■ Task description
Locate the line bearing "MP3 500 LT Sport" in the material below, then reproduce it and each following line up to and including the line bearing "bmx park/half pipe".

■ Records to process
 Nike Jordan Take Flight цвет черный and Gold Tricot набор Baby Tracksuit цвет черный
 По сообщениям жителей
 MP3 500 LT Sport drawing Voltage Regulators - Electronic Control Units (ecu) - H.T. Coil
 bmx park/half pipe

...

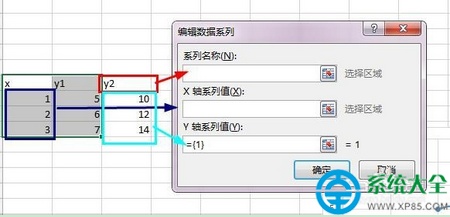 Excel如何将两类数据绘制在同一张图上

---

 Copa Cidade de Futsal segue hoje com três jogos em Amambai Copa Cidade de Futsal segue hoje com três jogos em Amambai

■ The completed task
 MP3 500 LT Sport drawing Voltage Regulators - Electronic Control Units (ecu) - H.T. Coil
 bmx park/half pipe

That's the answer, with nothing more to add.